Similarly, Grant initially adopted a benevolent attitude toward Indians. In his first annual message in December 1869 he announced that he had put Quakers in charge of several reservations because the sect had long coexisted peaceably with Indians: “From the foundation of the Government to the present, management of the . . . Indians . . . has been a subject of embarrassment and . . . attended with continuous robberies, murders, and wars. I do not hold . . . the conduct of the whites . . . blameless . . . [and] have attempted a new [Quaker managed] policy . . . with fair results so far . . . which I hope will be [a] great success.” Yet, his professions of good feelings proved false when he launched the Centennial War in the North Plaines noted earlier.

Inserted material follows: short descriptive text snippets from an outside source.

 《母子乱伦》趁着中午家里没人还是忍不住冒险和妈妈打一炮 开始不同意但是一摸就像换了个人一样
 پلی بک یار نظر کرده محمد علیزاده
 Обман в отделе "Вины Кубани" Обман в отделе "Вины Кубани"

When a group of African Americans visited the White House to congratulate him for winning reelection in 1872, Grant told them what they wanted to hear: “I wish that everyman in the United States would stand in all respects alike.” But, to Grant, “everyman” did not include Indians and Chinese Americans, among other non-black minorities.
Since Grant sometimes contradicted himself, his true intent must be deduced from his actions, not his words. Yet most modern biographers too-readily accept the statements that reflect upon him favorably and ignore the contradictory ones. Charles Calhoun does so when suggesting that Grant supported labor over capital in the 1877 railroad strike during the first year of successor Rutherford Hayes’s presidency. While complaining that the press had been overly critical of his use of federal troops in the South, Calhoun cites Grant as complaining, “Now [during the 1877 railroad strike], however, there is no hesitation about exhausting the whole power of the government to suppress a strike on the slightest intimation that danger threatens.”

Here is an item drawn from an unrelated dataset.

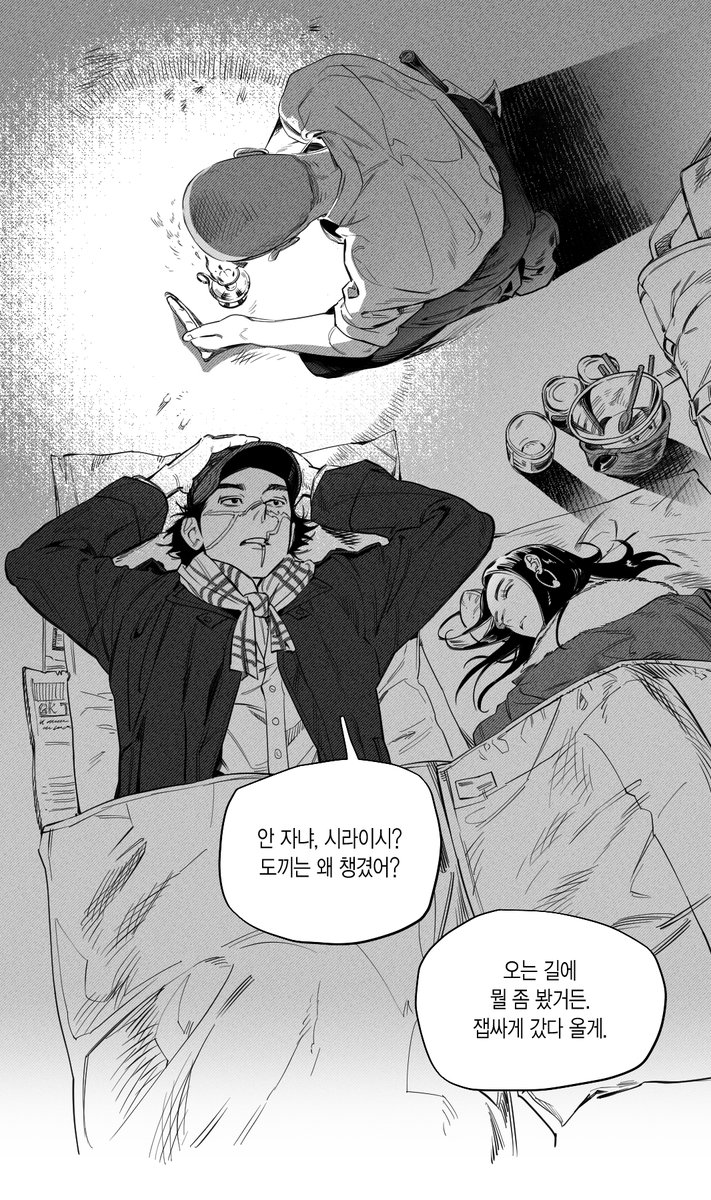 고토리 아포칼립스 AU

But in an August 27, 1877 letter to brother-in-law Abel Corbin Grant displayed a hard, and contradictory, stance toward labor. He wrote, “My judgment is that [the strike] should have been put down with a strong hand and so summarily as to prevent a like occurrence for a generation.”
Finally, even though Grant’s fundamental interest in black civil rights may have reflected the power of the group’s voting bloc more than the morality of racial equality, it ultimately failed to be enough to sustain his support. The moment-of-truth came during the autumn 1875 elections in Mississippi and Ohio.
Mississippi carpetbag governor Adelbert Ames twice asked Grant for federal troops to police the polls on Election Day but was turned down. It would be another forty years before former Republican Mississippi Congressman John Lynch, who was born into slavery, revealed that Grant confessed to him in November 1875 that Ohio politicians convinced the President that Mississippi intervention would likely cause Republicans to lose Ohio. Basically, Grant traded a Republican victory in Mississippi for a bigger one in Ohio. Thereafter, the Republican Party steadily lost interest in Southern blacks.
Understanding Grant’s roller-coaster reputation begins with a study of contrasts. In a mere seven years he rose from obscurity to the presidency, only to generally skid downward from his inauguration day to the end of his second term.